Mr. McManus fell short in that election and never again managed to be selected as a candidate, the first step to running for office under the British system. But several career paths beckoned; he subsequently worked as a consultant, a journalist and as the director of a media watchdog. He also wrote several books, including one about Mr. Heath. Another, “Tory Pride and Prejudice,” chronicled a transformation in the Conservative Party’s attitude to gay rights.
When Mr. McManus won his first job in 1990 with the Conservative Party, it was just two years after the government had passed Section 28, a notorious piece of legislation that banned municipalities or schools from “promoting” homosexuality. The hypocrisy of this law was apparent at party headquarters which was, as Mr. McManus puts it, a “cauldron of gaydom.” A quarter of a century later, another Conservative prime minister, David Cameron, would legalize same-sex marriage.

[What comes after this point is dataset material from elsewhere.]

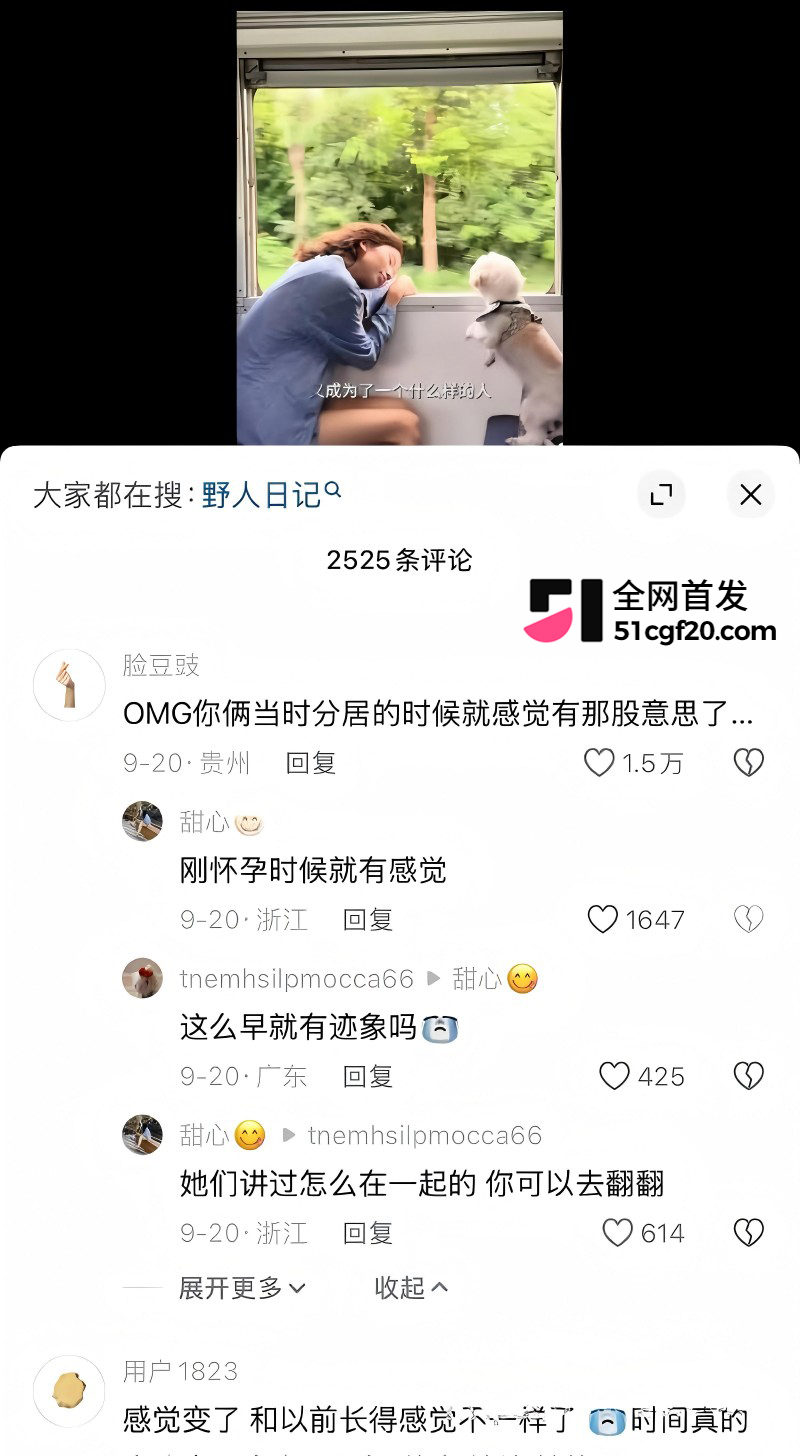 抖音百万博主周家恩丈夫旅居出轨16 抖音百万博主周家恩丈夫旅居出轨16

Mr. McManus worked alongside a young Mr. Cameron at Tory headquarters in 1990, but says he never felt quite on the same wavelength as his richer and better-connected contemporary, particularly when discussing weekend plans. While Mr. McManus was planning to watch a soccer match, Mr. Cameron would be preparing for a posh activity like stalking deer at some grandee’s estate in Scotland.
Though Mr. Cameron’s decision to call the 2016 Brexit referendum proved a disastrous miscalculation, his gamble on legalizing same-sex marriage (despite internal opposition) paid off.
Looking back on his two-decade quest to become a lawmaker, Mr. McManus regrets missing his best shot at Parliament in 2001. If he’d won 5,000 more votes, he thinks he could have held on to the seat for years before pro-Europeans were purged.
Although he has a part-time job in a law firm, concentrating on the theater was a gamble because he is decades older than most breakthrough writers.
It has, he said, brought a kind of excitement and satisfaction he never thought achievable, a moment of pure delight as the house lights went down and the stage lights went up at the start of his play at the Garrick Theater.
“I’ve always found theater to be mesmerizing, and to be the mesmerist is a great thing,” he said.
And, come to think of it, there can’t be many better ways to get some revenge on a grumpy former boss.